À côté de lui, Nathan revient encore au présent : « C’est terrible de se dire que le Rassemblement national, fondé par des nazis, est en passe d’être élu. » Pour lui, le RN n’est ni banal ni normal mais bien un parti d’extrême droite. Le jeune Yann, qui confie subir « le racisme au quotidien », conclut cet échange : « L’histoire, ça menace toujours de se répéter. C’est pour ça que c’est important, ces lieux de mémoire, qu’on puisse s’y recueillir. »

Au troisième jour, les pas des enfants d’Izieu conduisent le groupe au mémorial de la Shoah, puis à la cité de la Muette à Drancy (Seine-Saint-Denis), dernier lieu de leur internement en France. Les jeunes sont devenus incollables. Leurs éducateurs, à commencer par Dounia Meliani, se réjouissent de leur comportement : « Au cœur de ma pratique, je mets la citoyenneté. Permettre à ces jeunes de s’insérer dans la société, c’est notre but. Normalement, nous les voyons dans des rendez-vous courts, formels. Là, c’est un moyen de mieux les découvrir : je vais pouvoir nourrir mes rapports pour rendre compte aux juges de leur évolution. »

Le temps fort de cette matinée au pied du monument mémoriel de Drancy : une cérémonie officielle en présence d’Hervé Duplenne, le directeur de la PJJ en Île-de-France. Mima et Nathan déposeront avec lui une gerbe en hommage à tous les déportés juifs et aux victimes du racisme. « Ce moment est important pour exprimer notre respect », s’enorgueillit Mima, 20 ans, en parcours de réinsertion. Hervé Duplenne a tenu à partager ce moment avec le groupe : « Cette cérémonie, c’est un moyen de leur faire sentir qu’ils ont leur place partout dans la République. Notre rôle à la PJJ, c’est d’en faire des citoyens qui aient confiance en eux, mais aussi dans les institutions et, pour cela, elles doivent être respectables. »

Le groupe, désormais soudé, rejoint le mémorial de la gare de déportation de Bobigny. Alexandre Couturas souligne l’importance de cette étape : « La dernière image que les enfants d’Izieu emporteront de la France. » Les adolescents découvrent l’exposition consacrée aux dessins et aux lettres des jeunes déportés. Ils écrivent et dessinent à leur tour, à l’attention des défunts. Chacun s’attelle à l’ouvrage, Esteban trace des silhouettes gravissant des marches. « J’emmène les enfants d’Izieu au paradis parce que c’étaient des anges », souffle-t-il.

La partie la plus dure du voyage : la visite des camps de la mort

Après ce moment de recueillement, tous sont gagnés par l’excitation du départ. Ils vont prendre l’avion et sortir de France – une première fois pour certains.
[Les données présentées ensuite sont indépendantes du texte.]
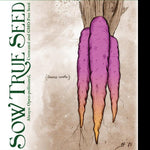 Carrot Seeds - Cosmic Purple - Sow True Seed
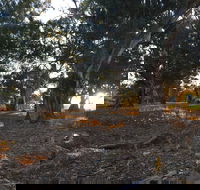 Almerta Station - ACT Tourism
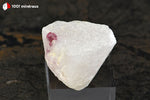 Spinelle rouge sur Cipolin de Birmanie (cristal de 5 mm) - 15 g / BM273 - Vignette | 1001 minéraux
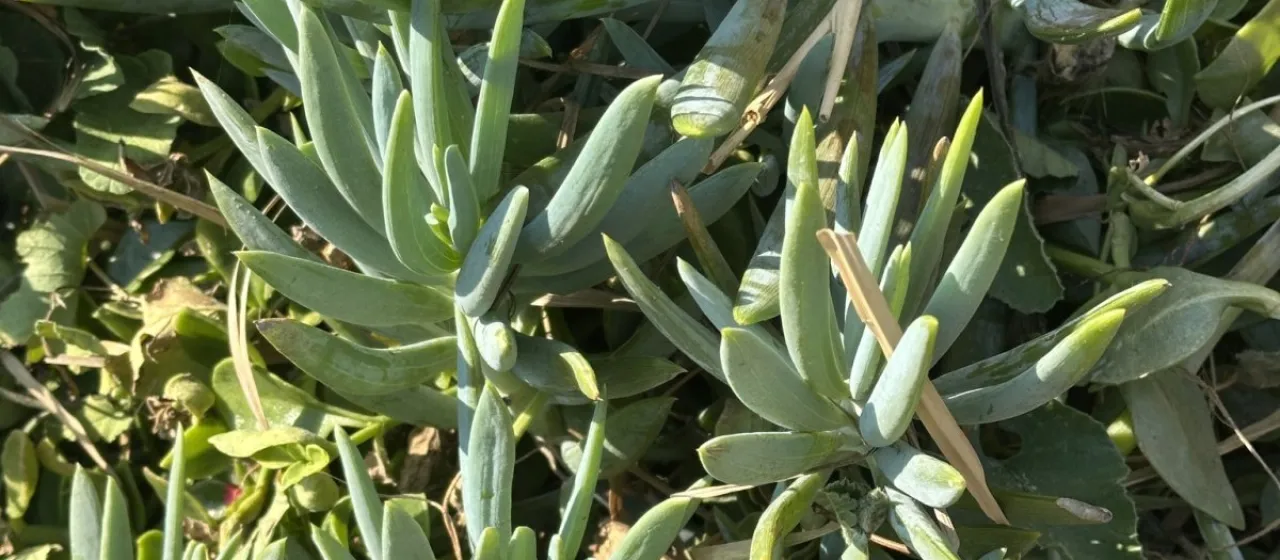 Kleinia repens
Rires, cris, applaudissements : le groupe atterrit à Cracovie, en Pologne. La partie la plus dure du voyage commence : la visite des camps de la mort.

À l’ombre du portail d’Auschwitz avec sa sinistre enseigne « Arbeit macht Frei », Yann trébuche. Une guide prend la parole : « Avant d’entrer, les déportés qui semblaient faibles étaient mis sur le côté. Ils recevaient une piqûre de poison dans le cœur. » Interloqué, Yann la regarde, il comprend. À Birkenau, devant les fours crématoires, les jeunes visiteurs se tiennent serrés les uns contre les autres. 

Photo d’une série de photographie d’un Sonderkommando du camp d’Auschwitz-Birkena
Photo : Alex Errera, membre d’un Sonderkommando, décédé en 1944.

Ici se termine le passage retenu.